(Extracted data entries)
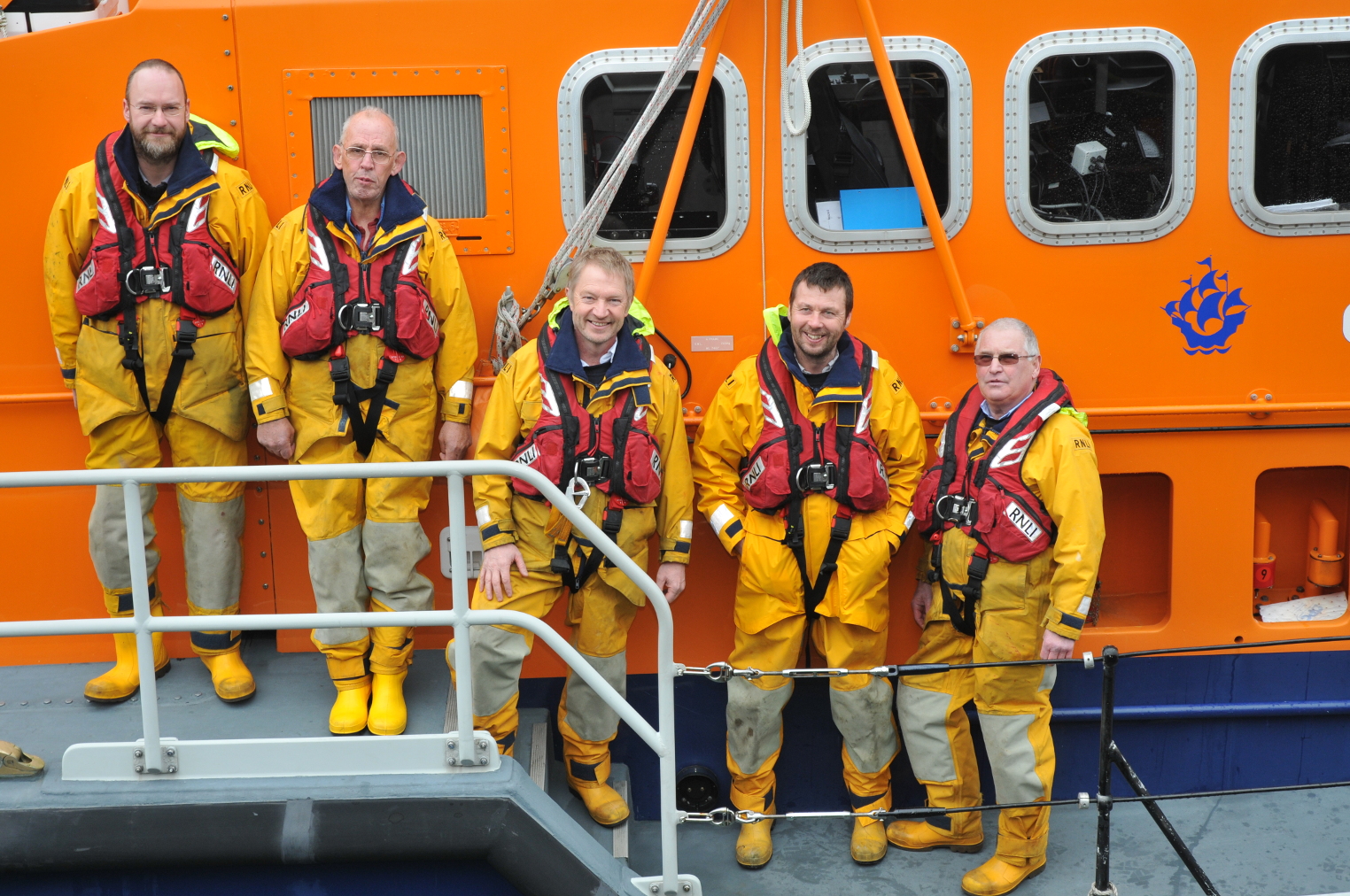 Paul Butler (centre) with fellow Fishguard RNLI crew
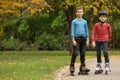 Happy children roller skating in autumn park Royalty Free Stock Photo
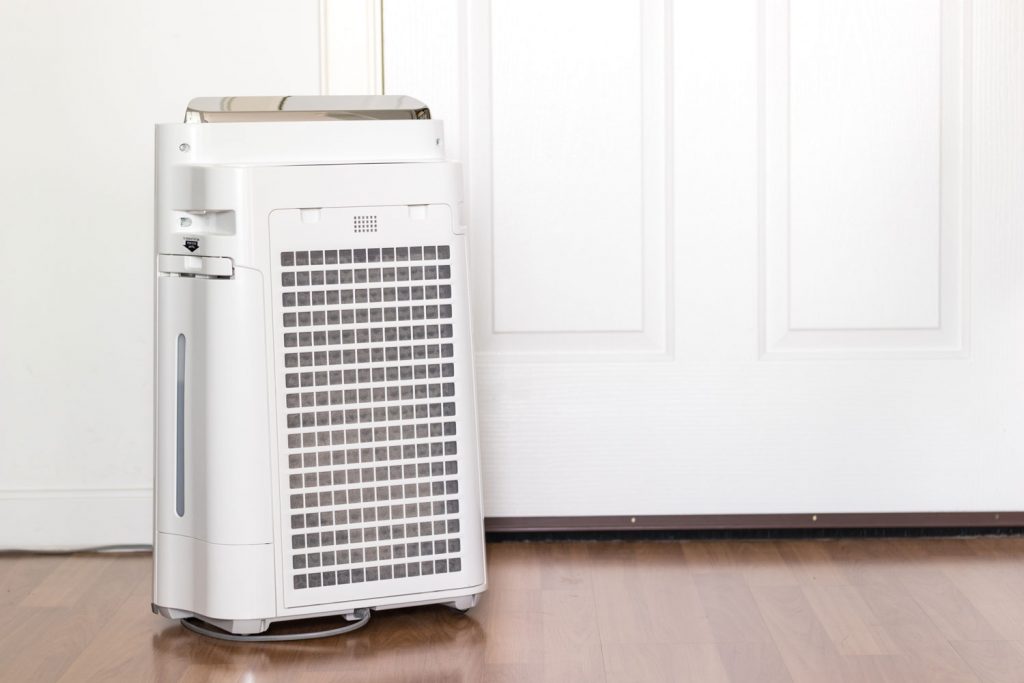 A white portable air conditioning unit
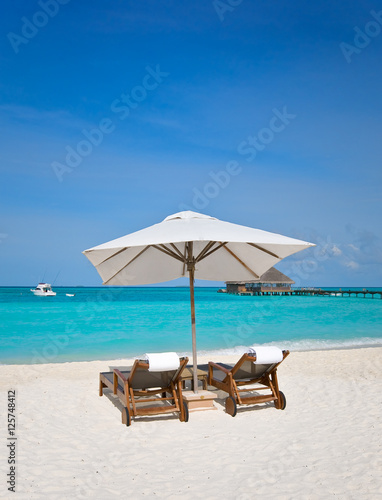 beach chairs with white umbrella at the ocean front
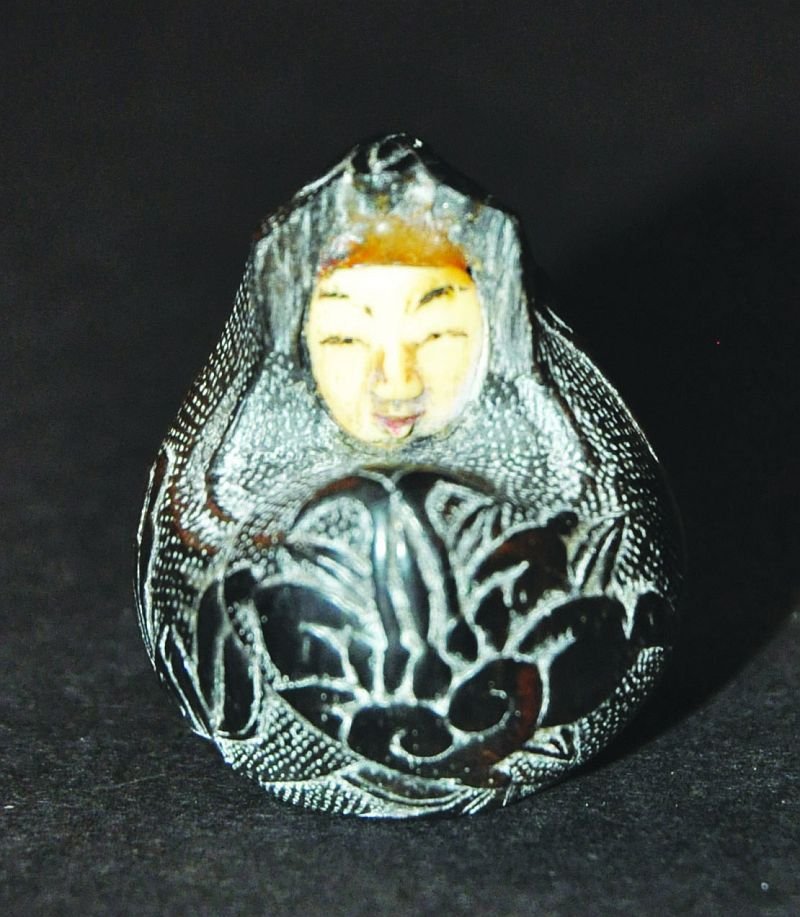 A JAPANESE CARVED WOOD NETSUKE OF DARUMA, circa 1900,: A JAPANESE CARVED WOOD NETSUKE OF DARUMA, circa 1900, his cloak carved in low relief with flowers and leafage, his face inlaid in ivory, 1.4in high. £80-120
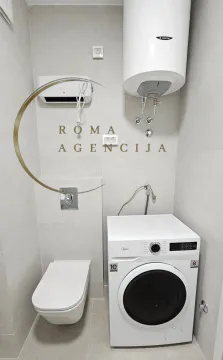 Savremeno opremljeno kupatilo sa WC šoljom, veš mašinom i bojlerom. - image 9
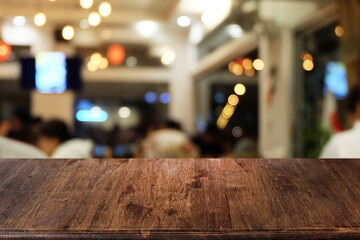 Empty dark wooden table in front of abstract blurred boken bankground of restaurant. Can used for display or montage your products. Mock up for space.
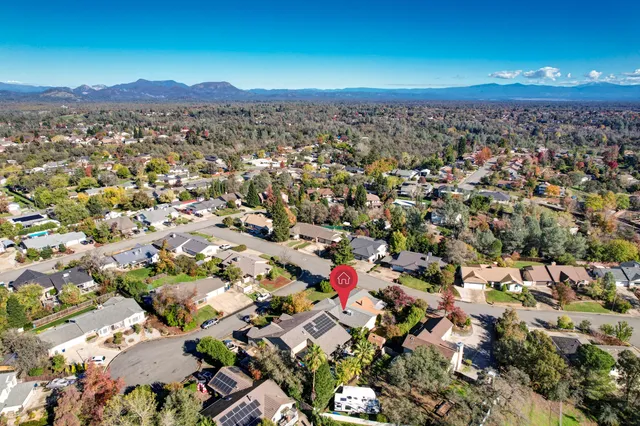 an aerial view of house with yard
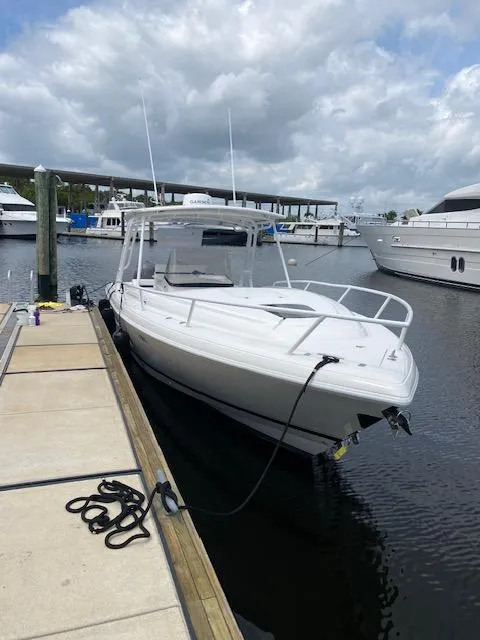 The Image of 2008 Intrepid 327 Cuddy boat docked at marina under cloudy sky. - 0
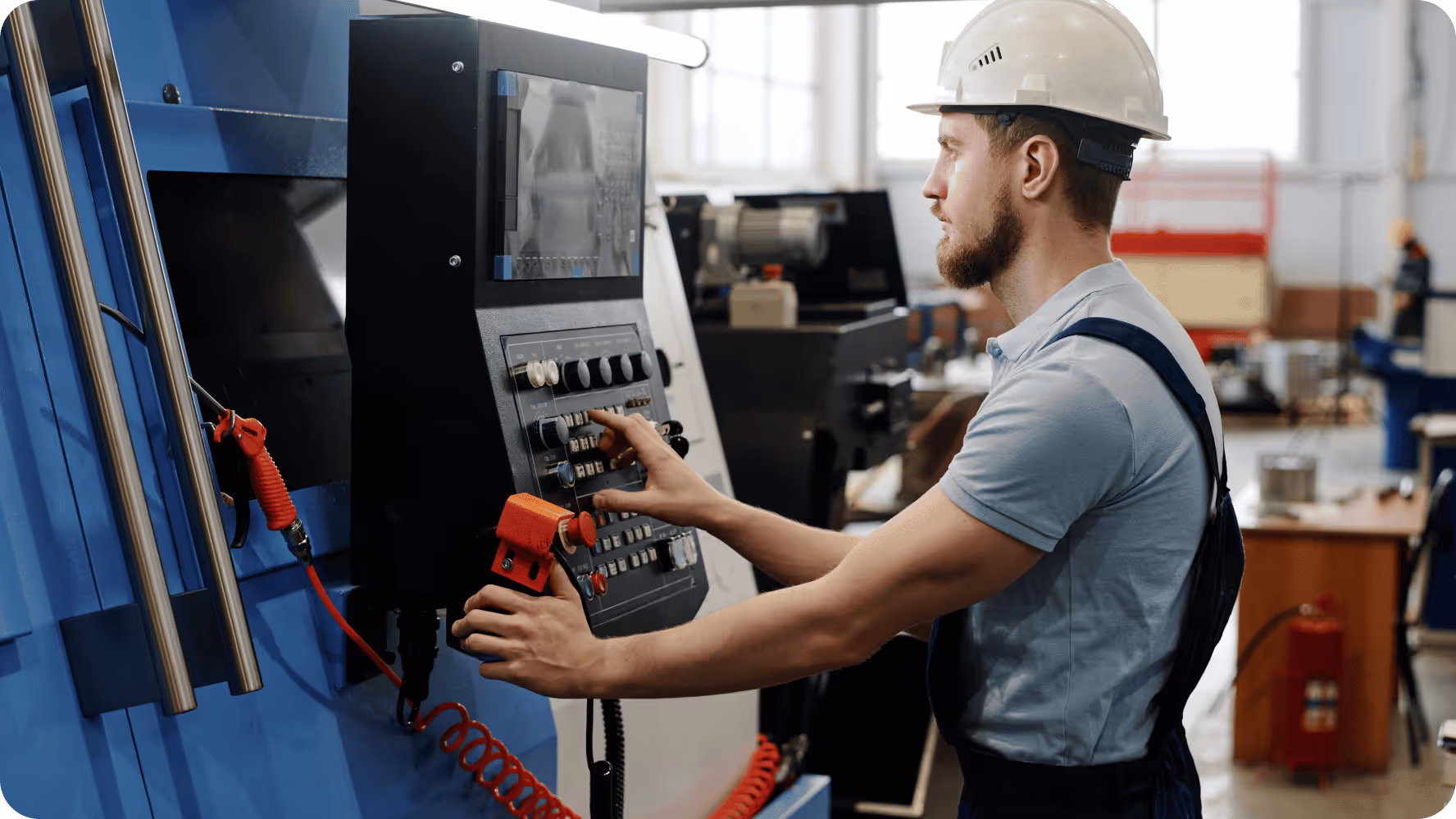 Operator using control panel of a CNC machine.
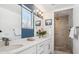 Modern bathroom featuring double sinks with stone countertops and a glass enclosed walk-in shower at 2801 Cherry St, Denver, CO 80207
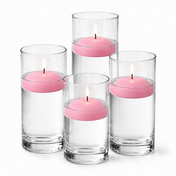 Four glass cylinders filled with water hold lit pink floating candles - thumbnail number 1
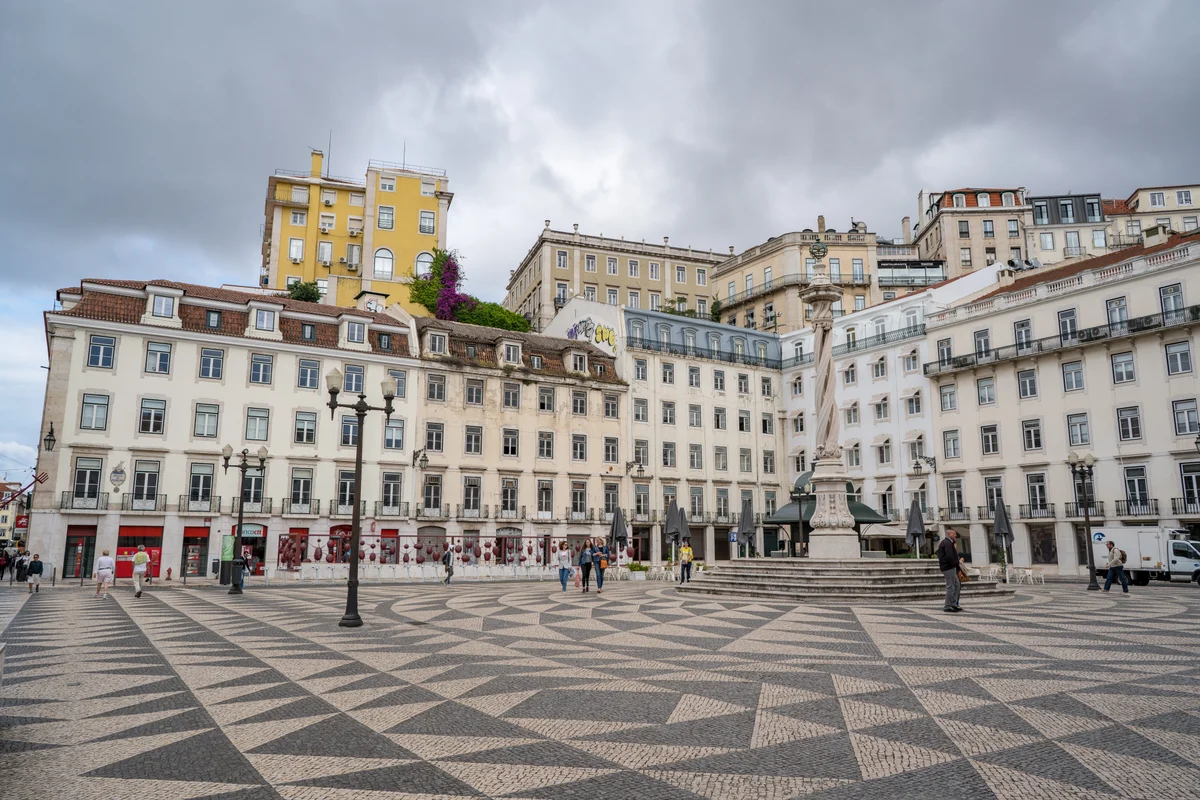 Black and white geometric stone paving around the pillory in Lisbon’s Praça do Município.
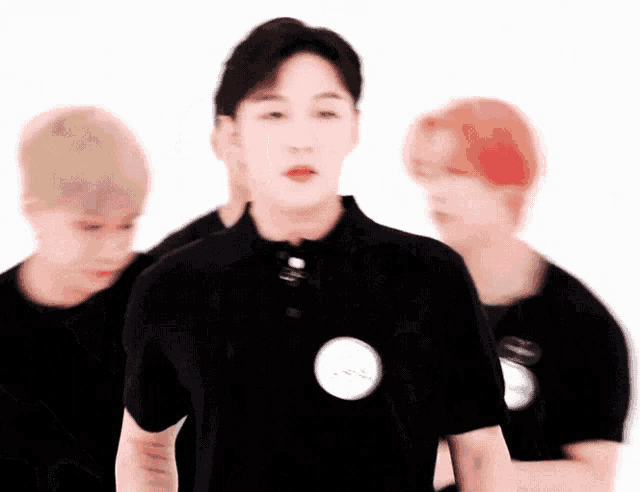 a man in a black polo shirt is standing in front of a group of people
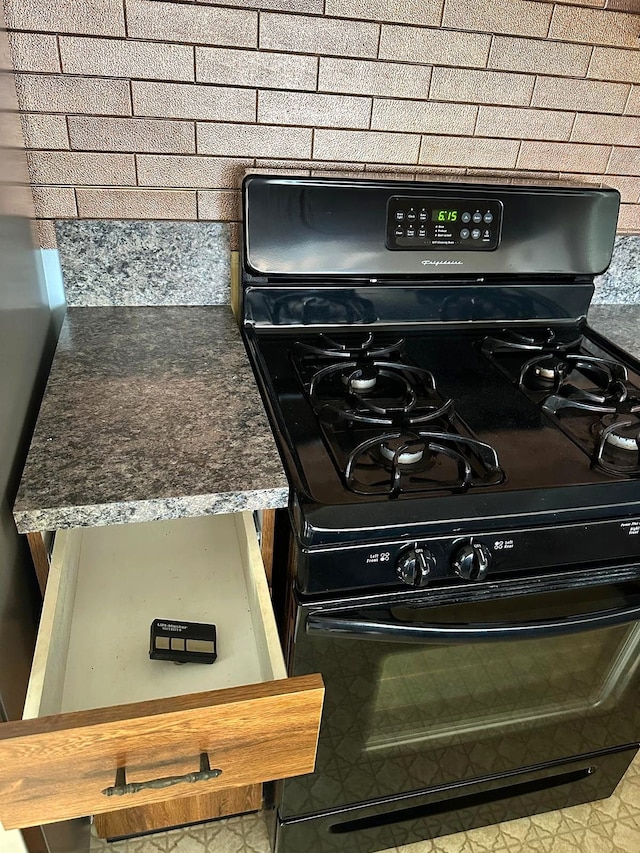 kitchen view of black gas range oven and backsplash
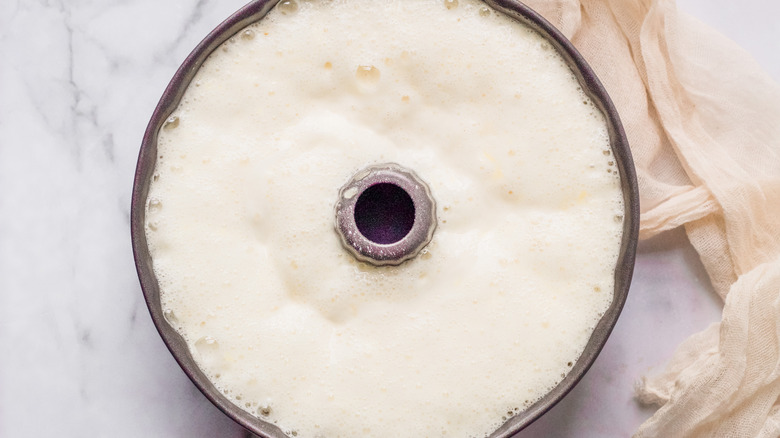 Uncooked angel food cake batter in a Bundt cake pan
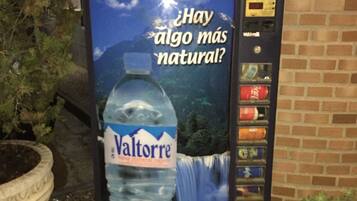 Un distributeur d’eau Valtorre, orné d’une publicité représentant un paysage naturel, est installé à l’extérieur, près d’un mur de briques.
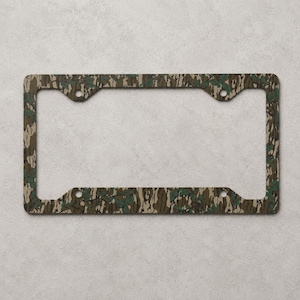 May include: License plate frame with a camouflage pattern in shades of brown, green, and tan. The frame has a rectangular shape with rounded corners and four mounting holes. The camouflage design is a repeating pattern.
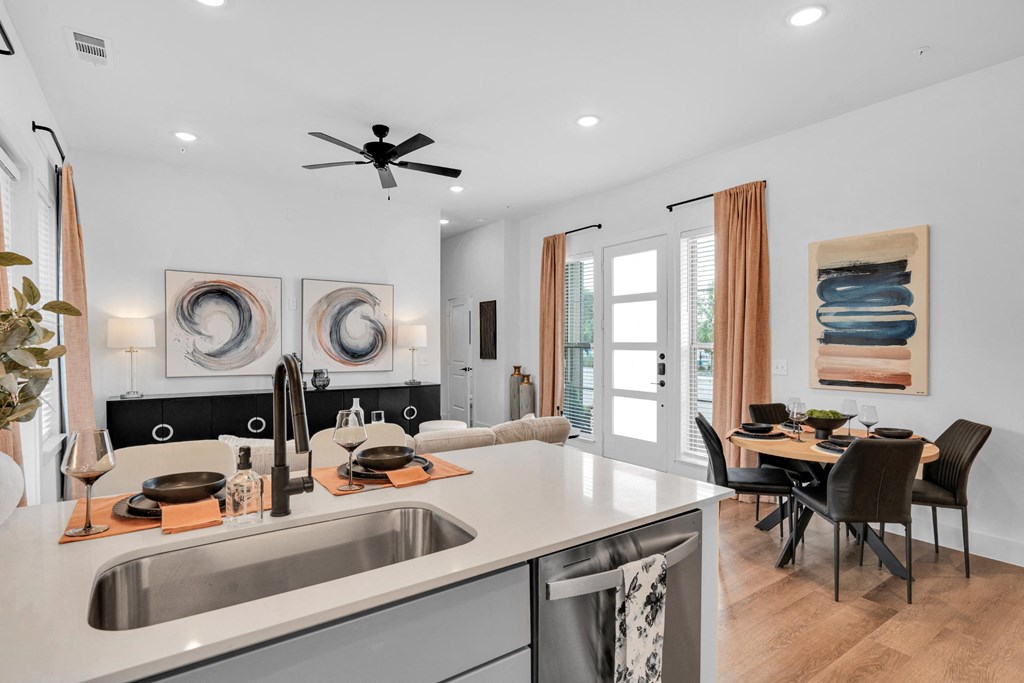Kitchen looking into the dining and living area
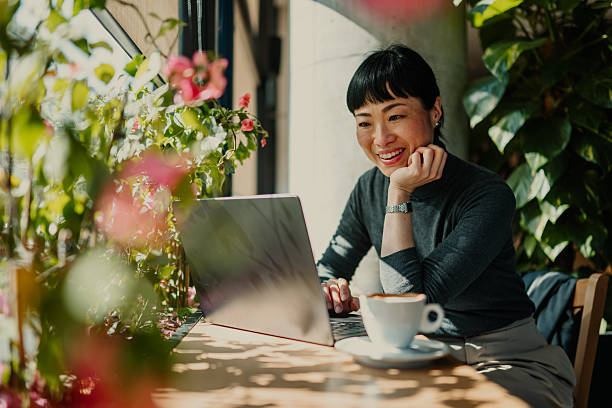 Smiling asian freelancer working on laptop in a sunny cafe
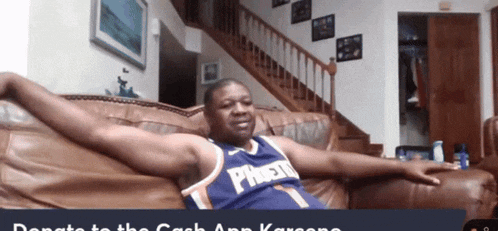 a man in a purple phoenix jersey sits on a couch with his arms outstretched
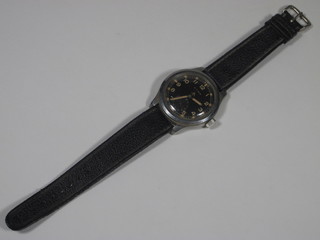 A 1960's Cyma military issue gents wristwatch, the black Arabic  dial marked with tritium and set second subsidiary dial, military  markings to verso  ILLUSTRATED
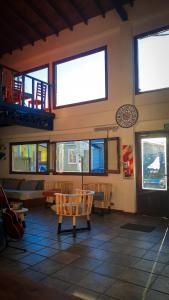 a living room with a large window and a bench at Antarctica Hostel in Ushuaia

## WHAT TO DO
Your copy should hold only the lines from the line with "Uncooked angel food" through the end of the data above, both ends included, transcribed exactly and without pictures.

## WRITTEN ANSWER
 Uncooked angel food cake batter in a Bundt cake pan
 Un distributeur d’eau Valtorre, orné d’une publicité représentant un paysage naturel, est installé à l’extérieur, près d’un mur de briques.
 May include: License plate frame with a camouflage pattern in shades of brown, green, and tan. The frame has a rectangular shape with rounded corners and four mounting holes. The camouflage design is a repeating pattern.
Kitchen looking into the dining and living area
 Smiling asian freelancer working on laptop in a sunny cafe
 a man in a purple phoenix jersey sits on a couch with his arms outstretched
 A 1960's Cyma military issue gents wristwatch, the black Arabic  dial marked with tritium and set second subsidiary dial, military  markings to verso  ILLUSTRATED
 a living room with a large window and a bench at Antarctica Hostel in Ushuaia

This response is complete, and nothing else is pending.